**** Entries shown

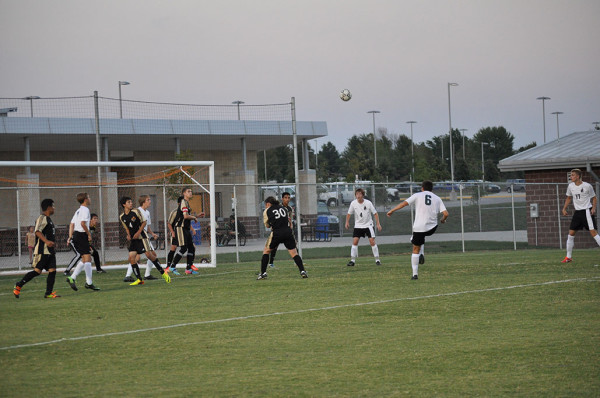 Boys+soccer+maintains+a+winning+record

********
**** Entries shown

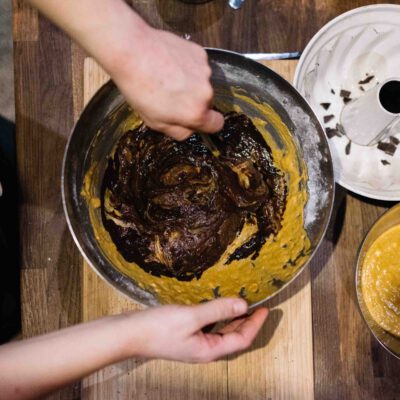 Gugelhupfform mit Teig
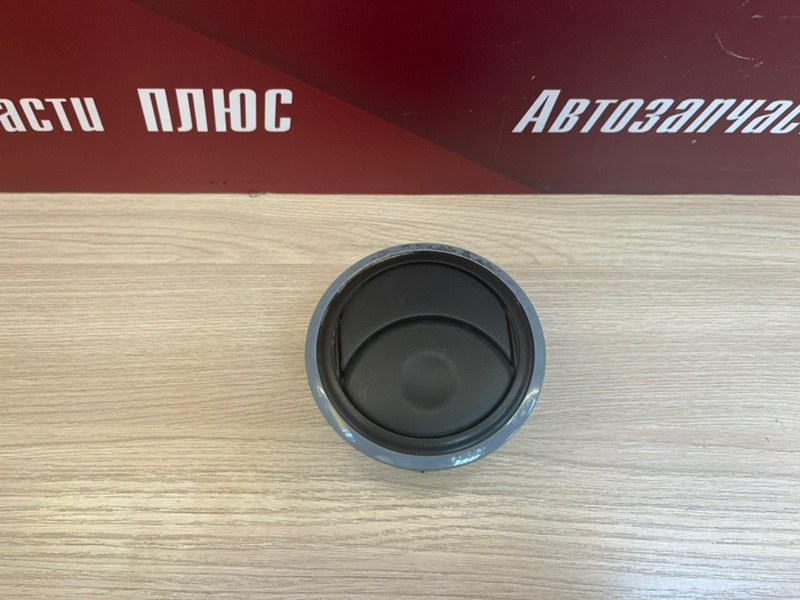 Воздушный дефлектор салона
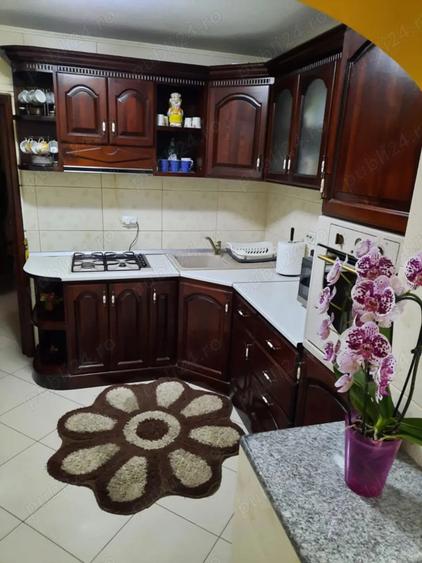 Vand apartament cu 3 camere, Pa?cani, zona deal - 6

********

■ **Assignment**:
With the pictures omitted, copy exactly the lines of the listing above starting at the line containing "Gugelhupfform mit Teig" and ending at the line containing "Vand apartament cu", both included.

■ **The completed task**:
 Gugelhupfform mit Teig
 Воздушный дефлектор салона
 Vand apartament cu 3 camere, Pa?cani, zona deal - 6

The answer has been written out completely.